In the material below, find the line with "- Enzo Smrekar, predsednik" and the line with "食事の後の手間を解消する食器". Output exactly those two lines and all lines between them, leaving out pictures.

§ Exercise material:
_ _ _ _

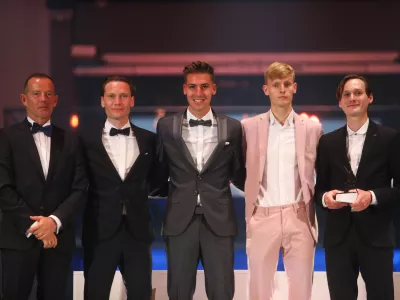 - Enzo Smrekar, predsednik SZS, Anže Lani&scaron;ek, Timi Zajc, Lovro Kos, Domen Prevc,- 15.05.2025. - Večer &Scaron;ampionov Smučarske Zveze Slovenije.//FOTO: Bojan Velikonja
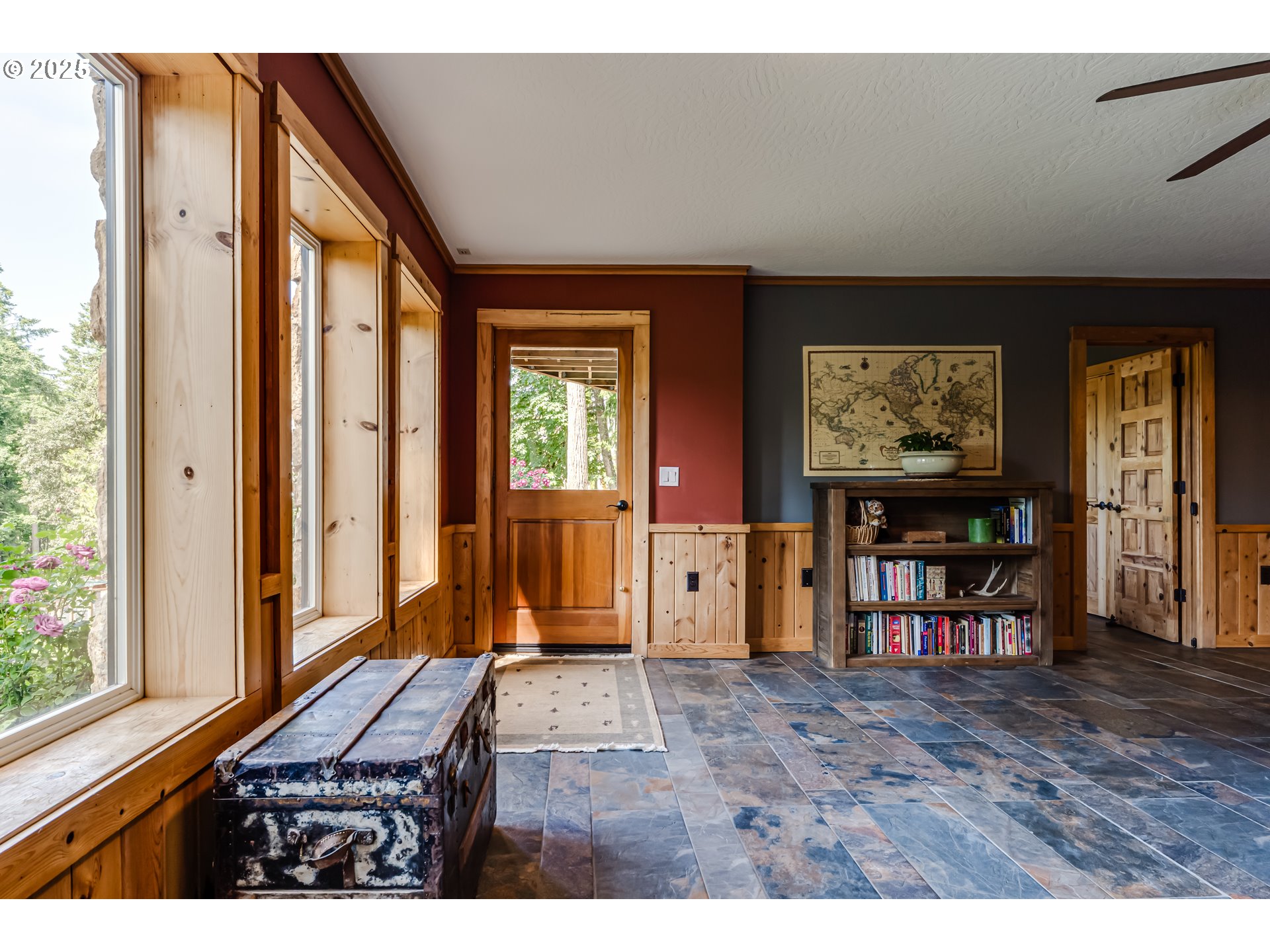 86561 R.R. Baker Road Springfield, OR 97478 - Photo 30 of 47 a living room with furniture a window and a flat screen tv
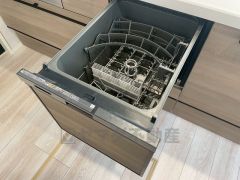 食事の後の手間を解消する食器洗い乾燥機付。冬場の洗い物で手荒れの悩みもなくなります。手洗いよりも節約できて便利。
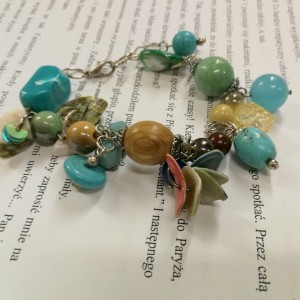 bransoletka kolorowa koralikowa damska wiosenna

_ _ _ _

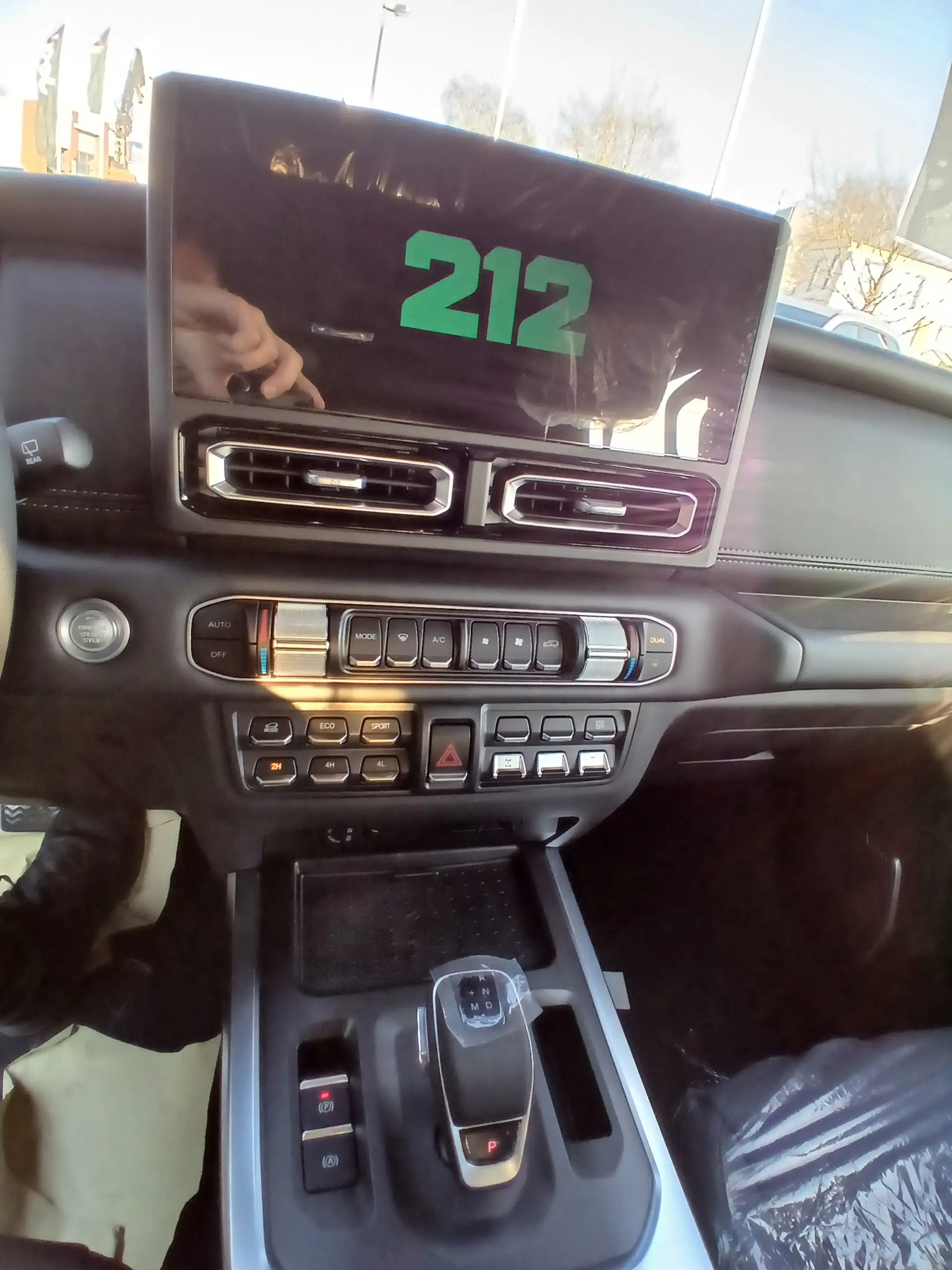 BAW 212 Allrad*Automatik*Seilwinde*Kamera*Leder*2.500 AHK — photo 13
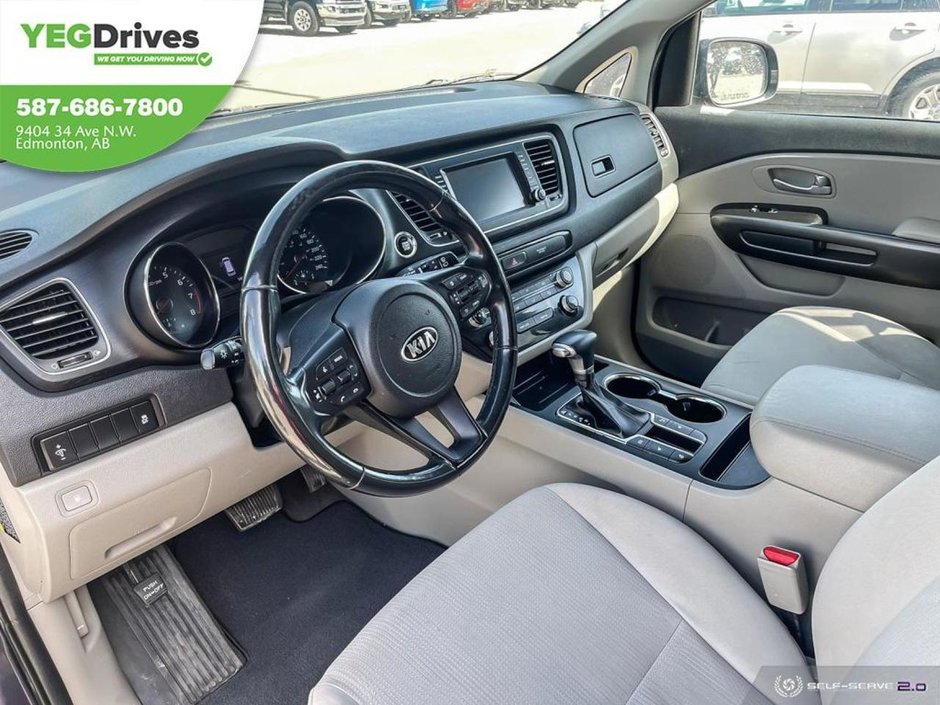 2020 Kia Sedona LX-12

_ _ _ _

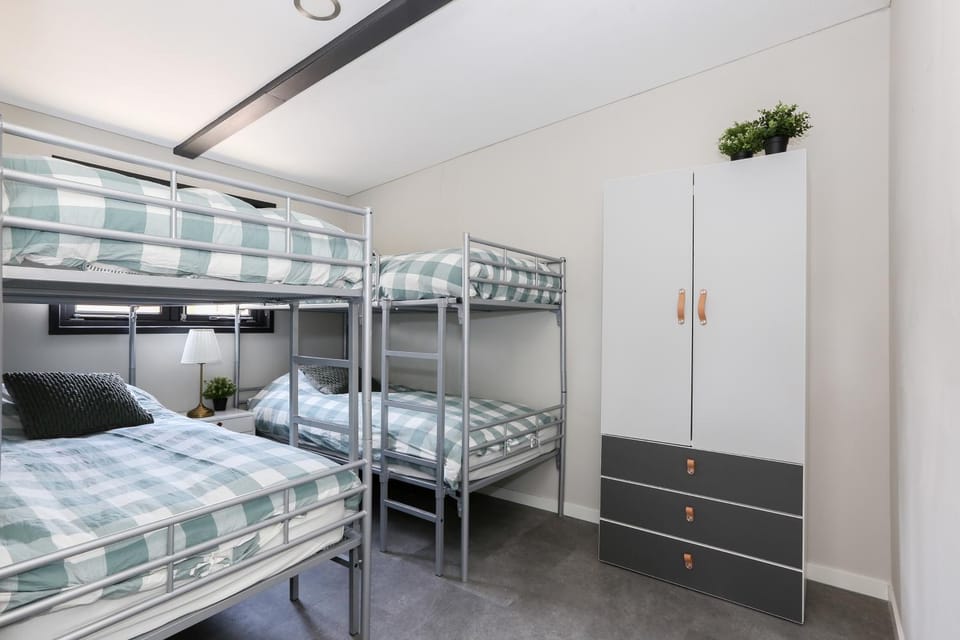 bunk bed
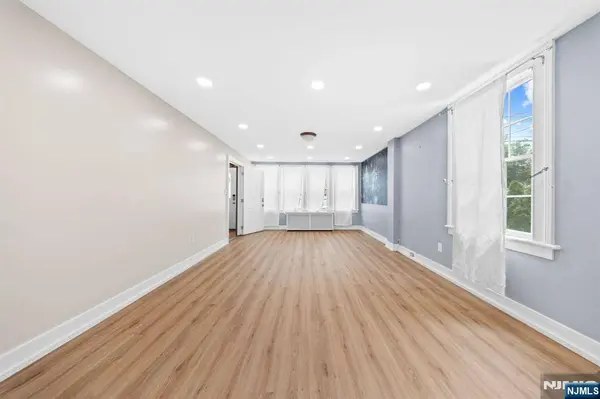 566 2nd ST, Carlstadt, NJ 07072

_ _ _ _

§ Task response:
 - Enzo Smrekar, predsednik SZS, Anže Lani&scaron;ek, Timi Zajc, Lovro Kos, Domen Prevc,- 15.05.2025. - Večer &Scaron;ampionov Smučarske Zveze Slovenije.//FOTO: Bojan Velikonja
 86561 R.R. Baker Road Springfield, OR 97478 - Photo 30 of 47 a living room with furniture a window and a flat screen tv
 食事の後の手間を解消する食器洗い乾燥機付。冬場の洗い物で手荒れの悩みもなくなります。手洗いよりも節約できて便利。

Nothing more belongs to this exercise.